Der Kondensator verhindert Schwingungen der geschlossenen Regelschleife. Wenn´s schwingt den Wert vergrössern. Der Widerstand vor dem MOSFET-Gate sollte im Bereich von 50-250 Ohm liegen, bei einem NPN kann er kleiner (min. 20 Ohm) sein, ganz weglassen sollte man ihn nicht.


----------



## Mbeti (12 Februar 2020)

Verstehe ich das richtig, also einfach einen Spannungsteiler für den Ausgang der SPS(10k und 200) und parallel zum 200 einen 1 Ohm widerstand der an den Eingang des OP?


----------



## Gleichstromer (13 Februar 2020)

Der Spannungsteiler reduziert die 0-10V aus der SPS auf die erforderlichen 0-200mV für Vin, die Spannung am nichtinvertierenden Eingang (In+) des OP. Die Widerstände des Spannungsteiler müssen dafür das Verhältnis 10 zu 0,2 haben, also genaugenommen z.

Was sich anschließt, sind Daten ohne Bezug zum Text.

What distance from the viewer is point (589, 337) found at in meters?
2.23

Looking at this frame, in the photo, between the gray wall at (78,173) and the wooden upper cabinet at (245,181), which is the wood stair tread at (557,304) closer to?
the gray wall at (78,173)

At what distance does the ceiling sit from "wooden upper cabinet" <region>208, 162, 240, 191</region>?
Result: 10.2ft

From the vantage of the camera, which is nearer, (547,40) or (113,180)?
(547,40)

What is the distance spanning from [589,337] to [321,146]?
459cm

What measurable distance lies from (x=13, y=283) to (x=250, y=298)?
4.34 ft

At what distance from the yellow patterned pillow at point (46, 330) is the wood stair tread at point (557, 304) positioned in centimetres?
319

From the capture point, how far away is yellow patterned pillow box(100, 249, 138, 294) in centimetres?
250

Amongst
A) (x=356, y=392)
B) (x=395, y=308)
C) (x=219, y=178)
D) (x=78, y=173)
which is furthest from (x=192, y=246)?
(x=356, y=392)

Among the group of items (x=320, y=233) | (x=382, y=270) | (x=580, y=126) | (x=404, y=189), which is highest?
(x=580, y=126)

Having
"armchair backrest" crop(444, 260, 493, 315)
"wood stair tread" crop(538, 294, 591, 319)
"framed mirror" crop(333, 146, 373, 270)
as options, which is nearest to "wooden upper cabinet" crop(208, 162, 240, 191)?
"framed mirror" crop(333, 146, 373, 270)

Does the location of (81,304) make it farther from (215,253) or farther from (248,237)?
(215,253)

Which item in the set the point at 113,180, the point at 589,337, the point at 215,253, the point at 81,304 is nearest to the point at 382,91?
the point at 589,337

B. 9,8 kOhm und 200 Ohm.

Mit dem 1-Ohm Widerstand ist der in der Schaltung gemeint. Bei 0-200mA fallen daran 0-200mV ab, diese Spannung liegt dann am invertierenden Eingang (In-) des OP an. 

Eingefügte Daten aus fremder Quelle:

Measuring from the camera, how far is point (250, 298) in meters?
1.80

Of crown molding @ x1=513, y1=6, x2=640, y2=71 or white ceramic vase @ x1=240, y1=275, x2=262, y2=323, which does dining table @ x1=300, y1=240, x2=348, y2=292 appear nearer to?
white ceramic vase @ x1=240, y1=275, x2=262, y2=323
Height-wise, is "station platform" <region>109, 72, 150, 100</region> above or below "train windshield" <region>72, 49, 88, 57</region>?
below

Der OP regelt seine Ausgangsspannung so, dass die Differenz der Eingangsspannungen Null wird. Also bei einem Vorgabewert von 135 mV an In+ wird der OP den Transistor so ansteuern, dass die Spannung an In- auch 135mV ist, was bei dem 1-Ohm Widerstand 135mA entspricht.


----------



## Mbeti (13 Februar 2020)

Habe da mal eine Skizze gemacht... Bitte um Kommentar oder Berichtigung...


----------



## Heinileini (13 Februar 2020)

gleichstromer schrieb:


> die widerstände des spannungsteiler müssen dafür das verhältnis 10 zu 0,2 haben, also genaugenommen z. B. *R7 = *9,8 kohm und *R6 = *200 ohm.


R4 = 0 Ohm. . . . . .


----------



## Mbeti (13 Februar 2020)

Das habe ich eigentlich schon gemeint jedoch vergessen nachzutragen.... Aber sonst i.o. ?


----------



## PN/DP (13 Februar 2020)

Was ist das für eine SPS-Baugruppe, deren 0-10V-Ausgang Du mit 100 Ohm belasten willst? Üblich sind Lastimpedanzen im kOhm Bereich.

Harald


----------



## Gleichstromer (14 Februar 2020)

Grundsätzlich ist das so in Ordnung. Ich habe mal noch eine  Freilaufdiode ergänzt, ich kenne mich mit Proportionalventilen nicht  aus, aber bei einer induktiven Last ist das angebracht.
C1 hab ich etwas größer gewählt, eventuell muss er noch größer werden, so bis 100nF. Wichtig ist, das überhaupt einer in der Schaltung ist.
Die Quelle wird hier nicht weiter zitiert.